What to produce -> The entries below contain pictures, which are to be left out; write out exactly, and only, the lines from the line with "100% Cotton Scallop" up to and including the line with "EYE ZOOM 3 Pack".

Stored data ->
····················

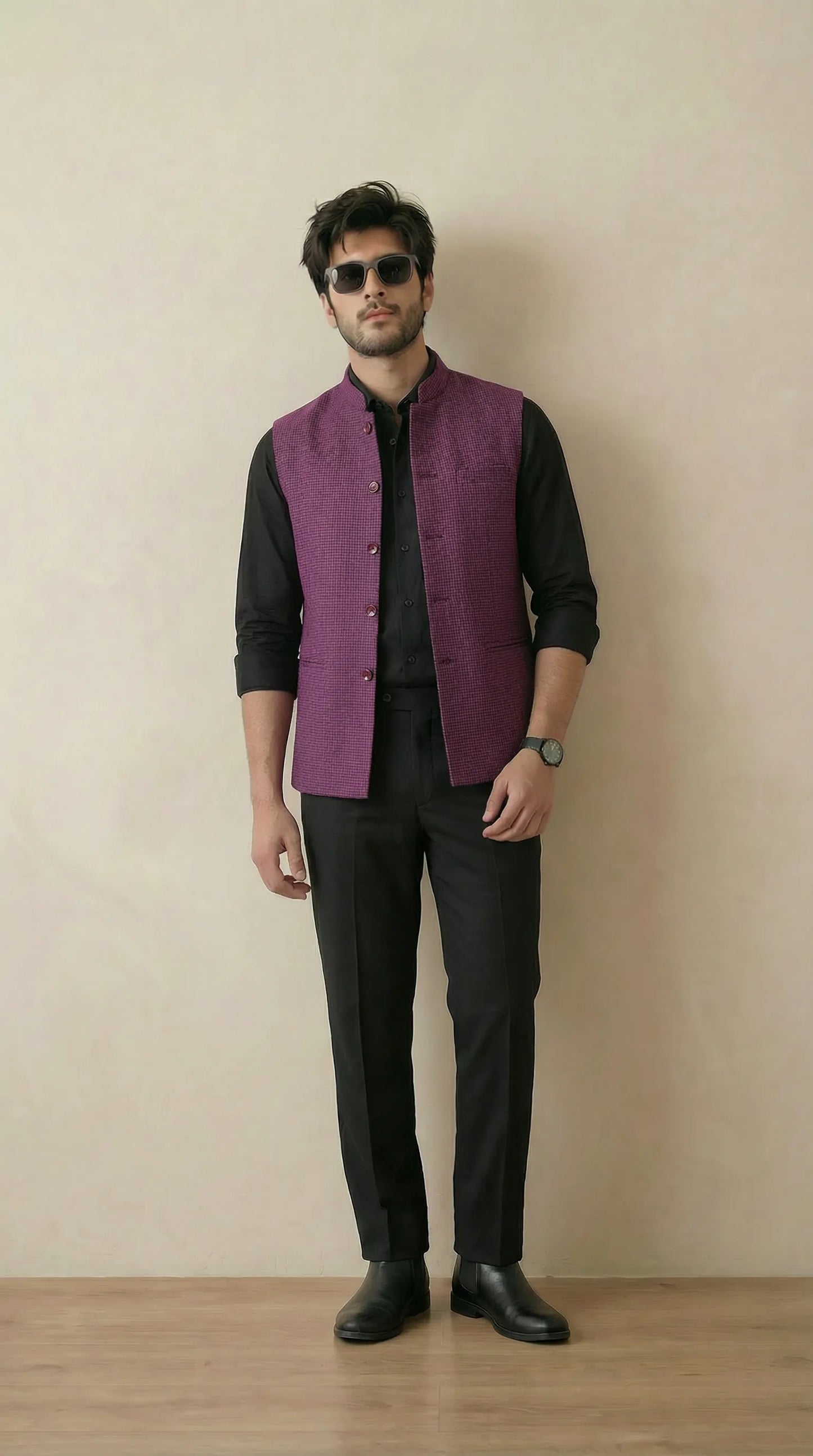 Magenta Signature Nehru Fit Jacket | 100% Woolen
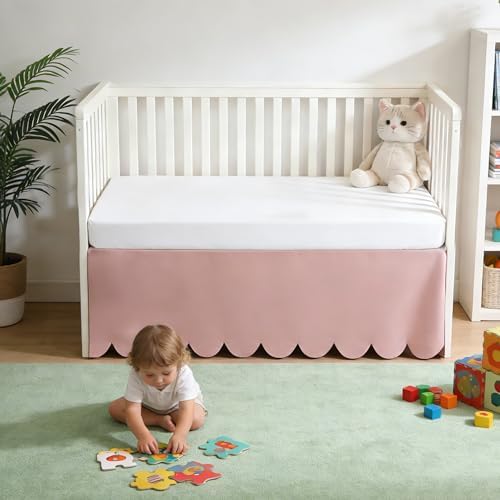 100% Cotton Scallop Edge Crib Bed Skirt, 4-Sided Soft Breathable Cotton Bedding - Image 2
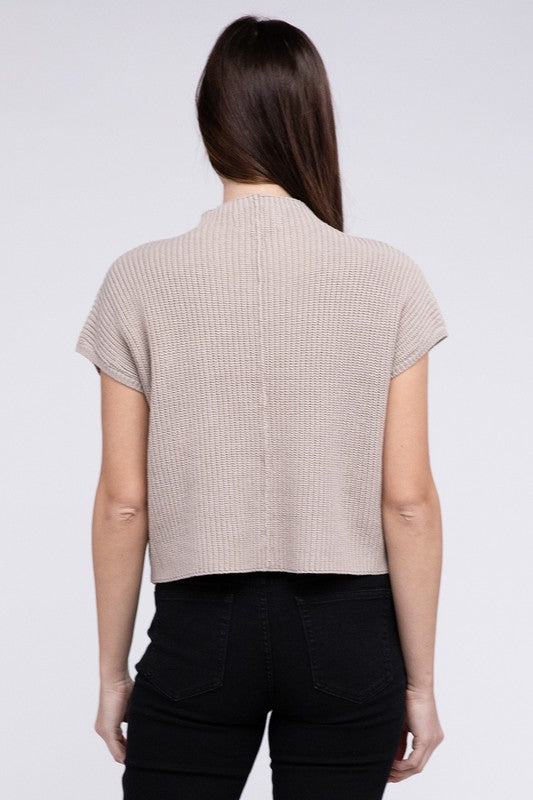 Mock Neck Short Sleeve Cropped Sweater - Next Pick Collection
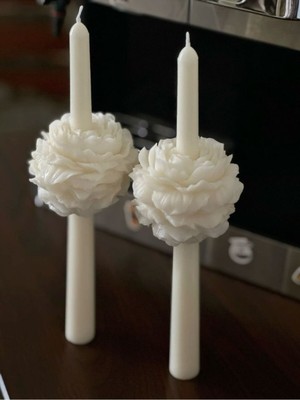 3'lü Şakayıklı Şamdan Mum Seti, Beyaz, Kokulu, Şık ve Zarif Tasarım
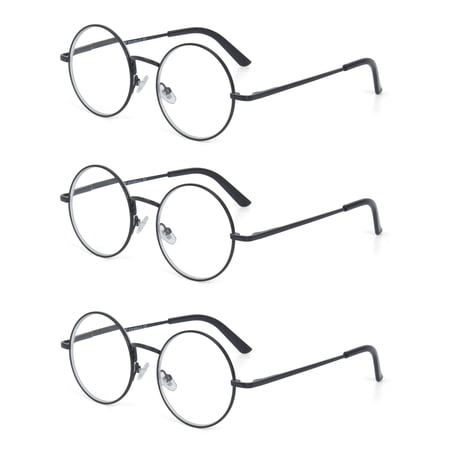 EYE ZOOM 3 Pack Round Metal Frame Blue Light Blocking Reading Glasses (Black , +3.50)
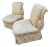 Pair Scroll-Back Slipper Chairs in Yellow Floral Damask Brocade, Pair For Sale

····················

Solution ->
 100% Cotton Scallop Edge Crib Bed Skirt, 4-Sided Soft Breathable Cotton Bedding - Image 2
 Mock Neck Short Sleeve Cropped Sweater - Next Pick Collection
 3'lü Şakayıklı Şamdan Mum Seti, Beyaz, Kokulu, Şık ve Zarif Tasarım
 EYE ZOOM 3 Pack Round Metal Frame Blue Light Blocking Reading Glasses (Black , +3.50)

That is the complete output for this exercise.